## Problem to work on
No pictures go into the copy. Write out exactly the lines below from the one containing "Pesquisa recomenda ações" through the one containing "1451 Weeping Willow Court — photo".

## Input data

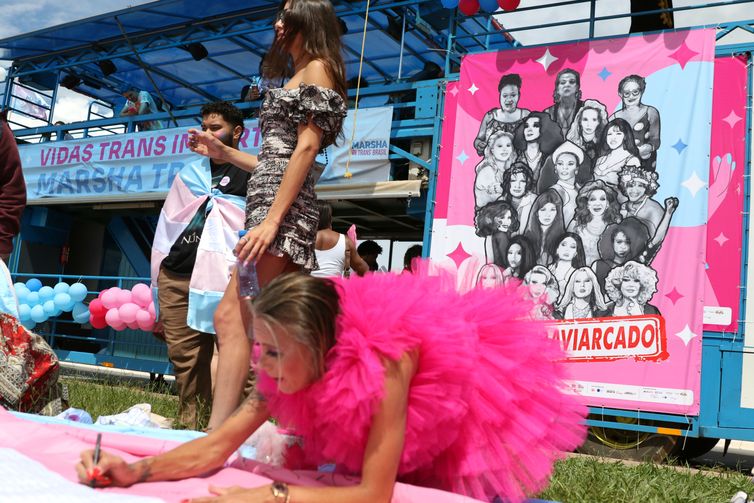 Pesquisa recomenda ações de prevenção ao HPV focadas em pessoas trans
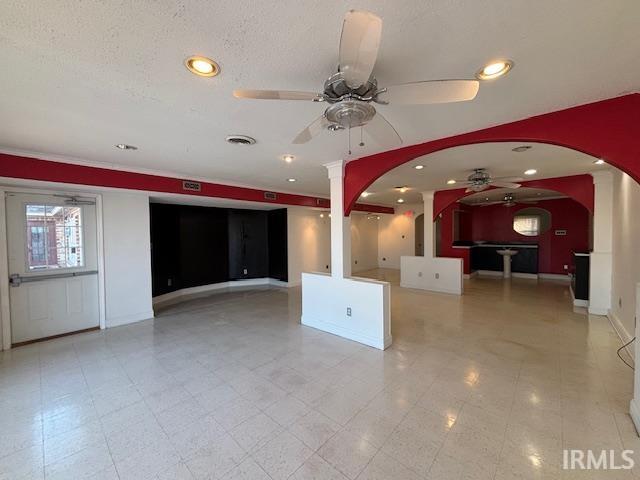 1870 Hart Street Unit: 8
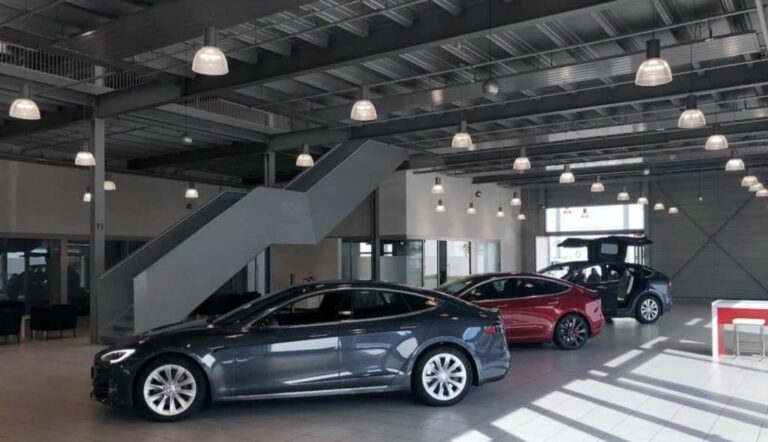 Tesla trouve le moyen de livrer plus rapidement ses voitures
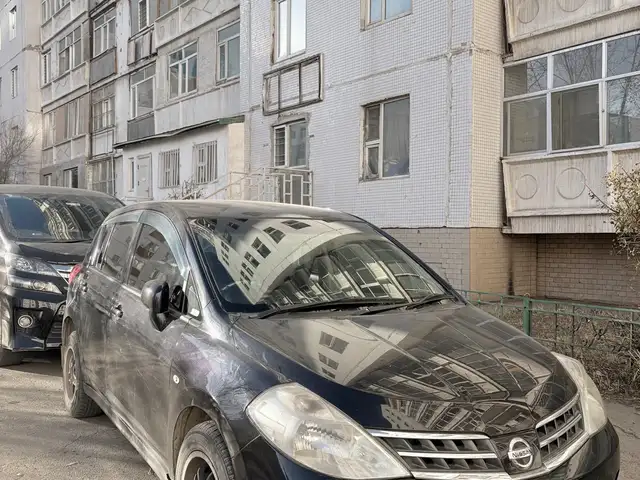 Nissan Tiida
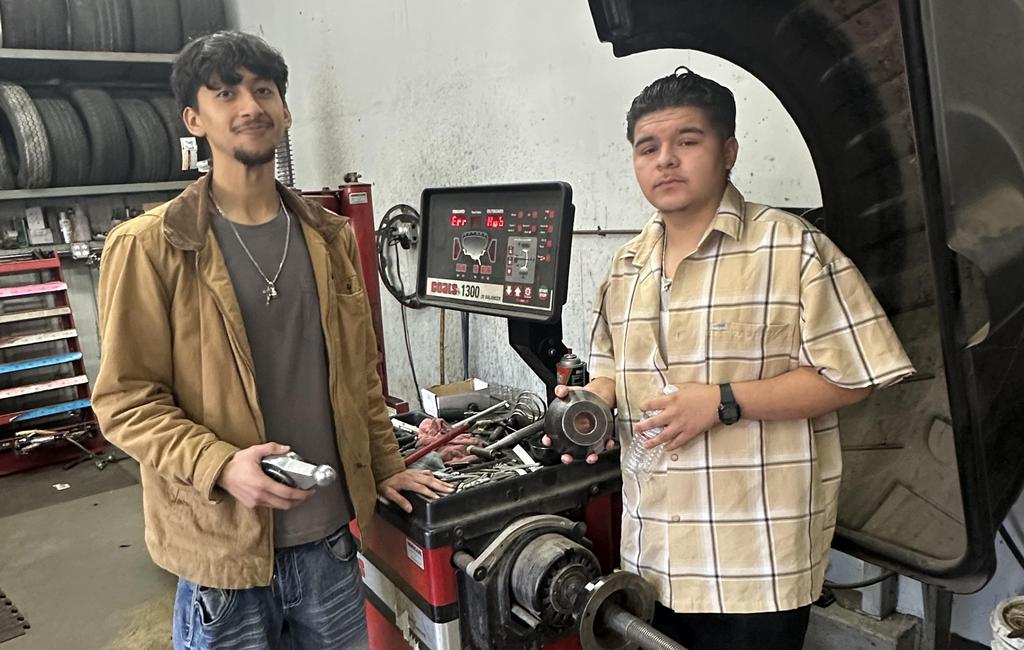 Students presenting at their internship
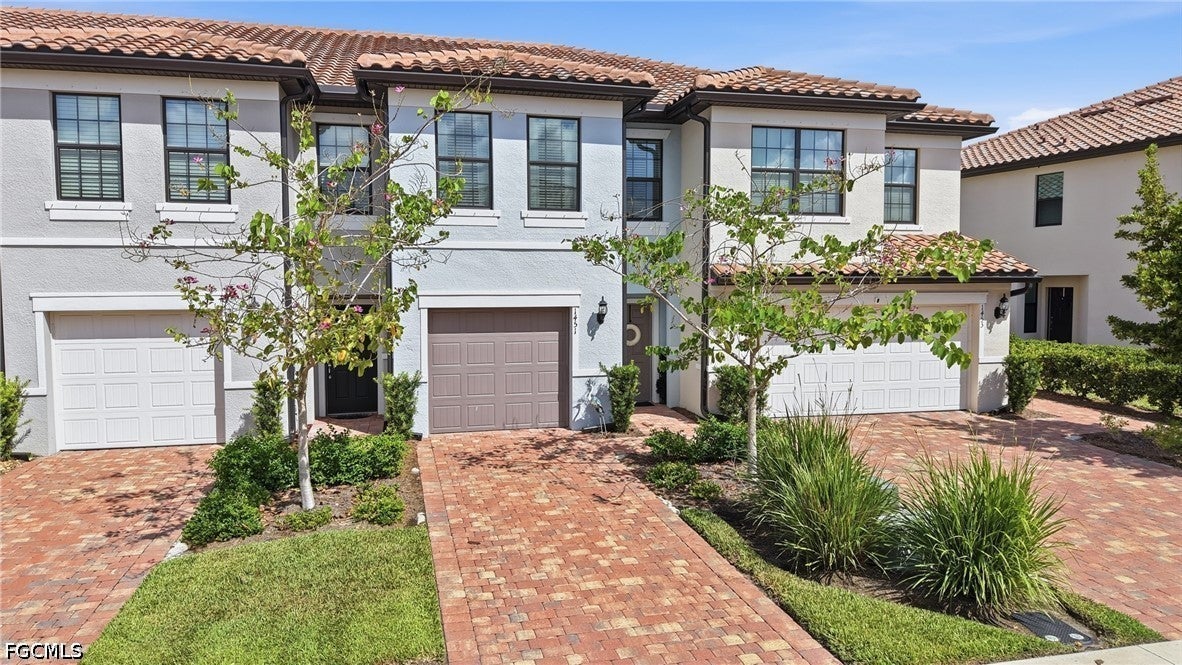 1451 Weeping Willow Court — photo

---

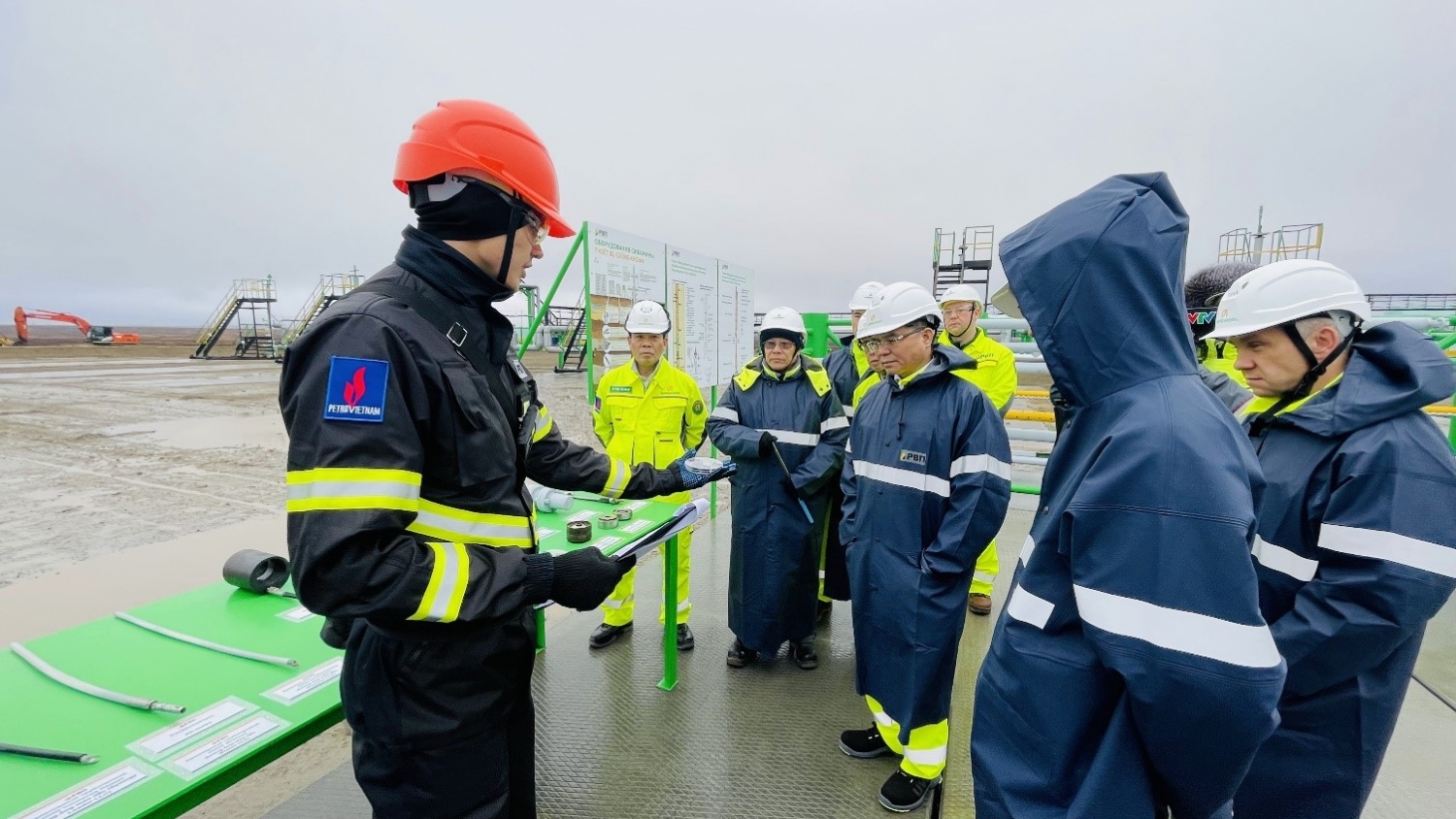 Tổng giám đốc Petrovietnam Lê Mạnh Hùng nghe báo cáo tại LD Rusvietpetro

* * *

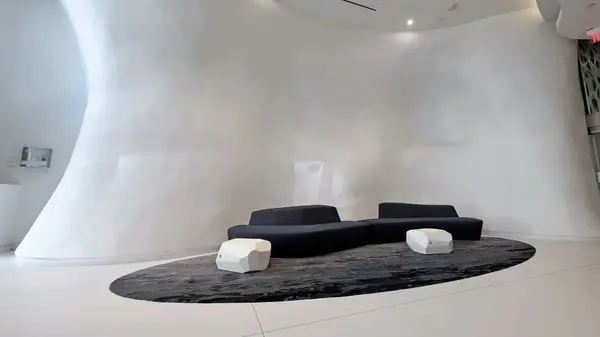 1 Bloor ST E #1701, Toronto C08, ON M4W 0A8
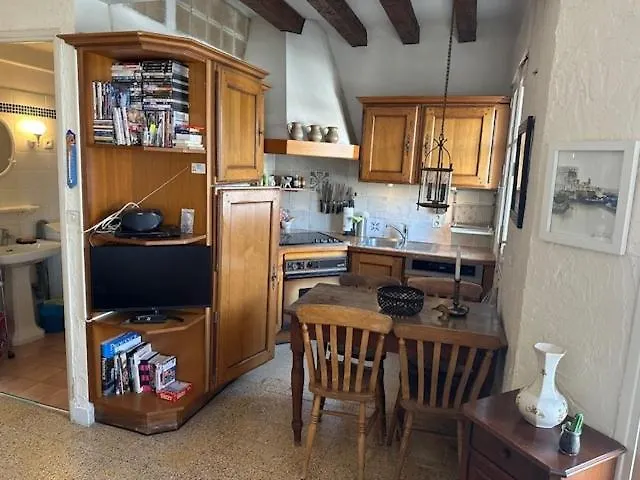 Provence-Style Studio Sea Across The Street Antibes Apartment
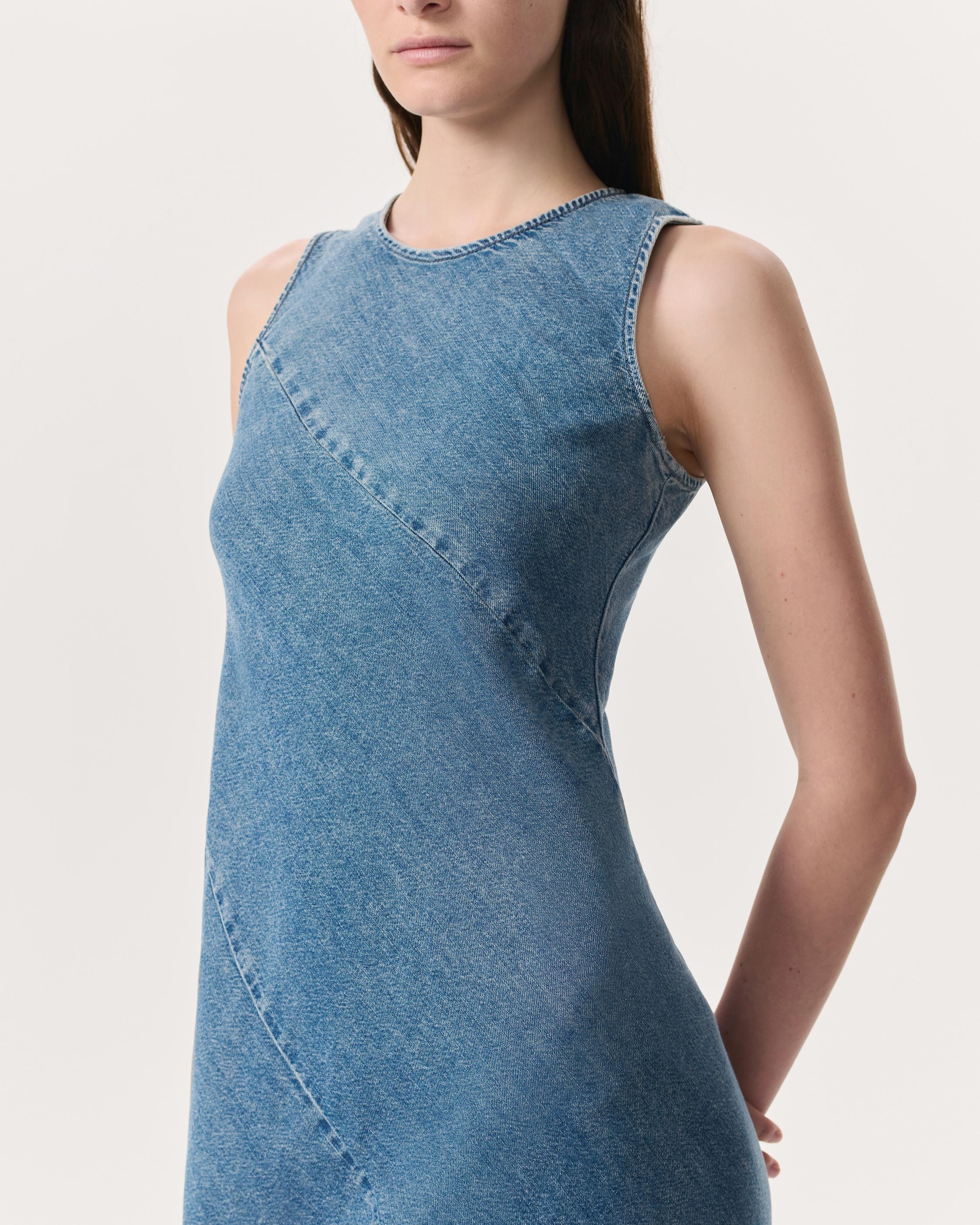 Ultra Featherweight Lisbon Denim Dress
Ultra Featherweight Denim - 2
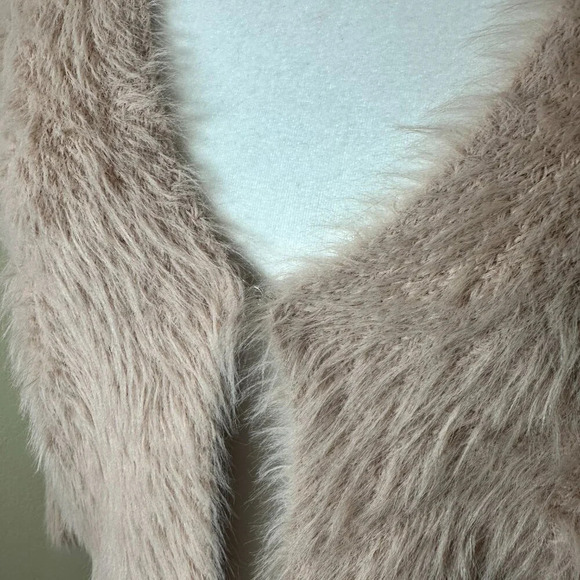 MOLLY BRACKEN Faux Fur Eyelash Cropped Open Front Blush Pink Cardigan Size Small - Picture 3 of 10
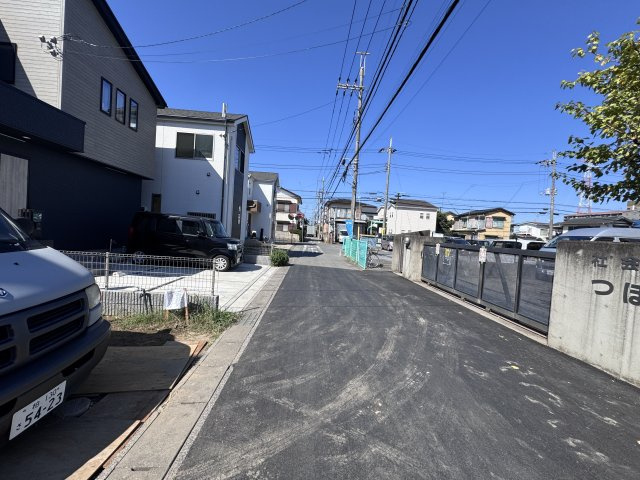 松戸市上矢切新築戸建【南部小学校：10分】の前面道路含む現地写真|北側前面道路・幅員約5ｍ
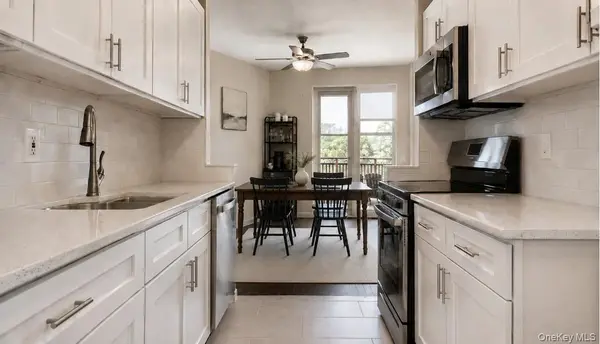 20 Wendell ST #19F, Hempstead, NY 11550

## Written answer
 Pesquisa recomenda ações de prevenção ao HPV focadas em pessoas trans
 1870 Hart Street Unit: 8
 Tesla trouve le moyen de livrer plus rapidement ses voitures
 Nissan Tiida
 Students presenting at their internship
 1451 Weeping Willow Court — photo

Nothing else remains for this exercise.